• _Excerpted data_:

▼▼▼

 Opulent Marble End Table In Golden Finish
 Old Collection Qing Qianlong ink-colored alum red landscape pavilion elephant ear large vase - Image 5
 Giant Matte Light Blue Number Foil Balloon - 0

▲▲▲
▼▼▼

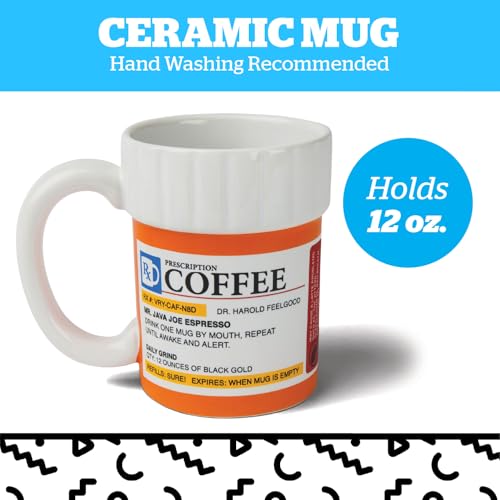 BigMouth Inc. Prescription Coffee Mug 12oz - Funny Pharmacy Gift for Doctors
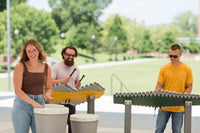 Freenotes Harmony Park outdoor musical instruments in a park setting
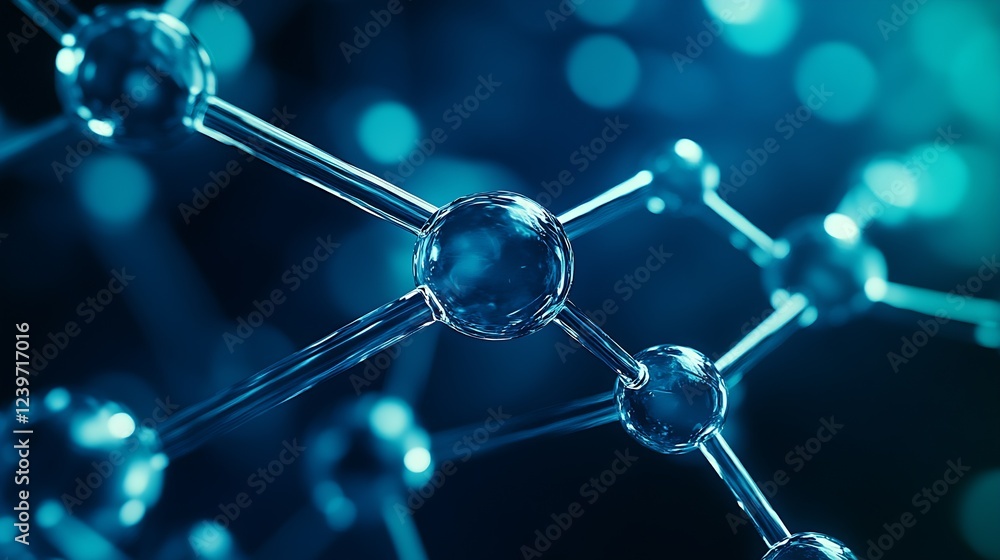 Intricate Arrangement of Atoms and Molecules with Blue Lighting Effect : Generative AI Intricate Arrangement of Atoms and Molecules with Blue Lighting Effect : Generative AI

▲▲▲
▼▼▼

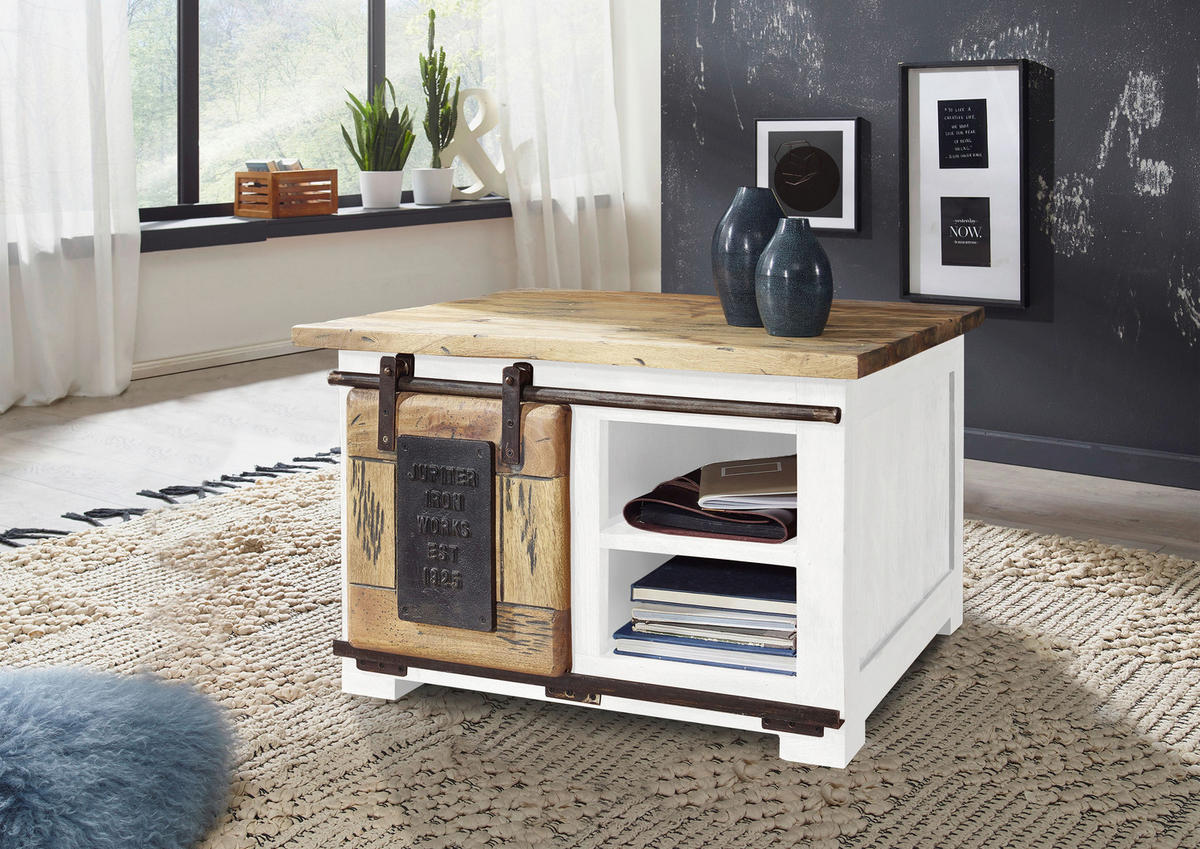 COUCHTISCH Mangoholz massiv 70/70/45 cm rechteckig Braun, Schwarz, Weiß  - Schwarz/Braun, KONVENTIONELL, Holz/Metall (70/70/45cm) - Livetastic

▲▲▲

• _Exercise prompt_:
Once you find the line with "Old Collection Qing" in the entries above, output it and each line after it up to and including the line with "Giant Matte Light", and nothing else.

• _Output for this task_:
 Old Collection Qing Qianlong ink-colored alum red landscape pavilion elephant ear large vase - Image 5
 Giant Matte Light Blue Number Foil Balloon - 0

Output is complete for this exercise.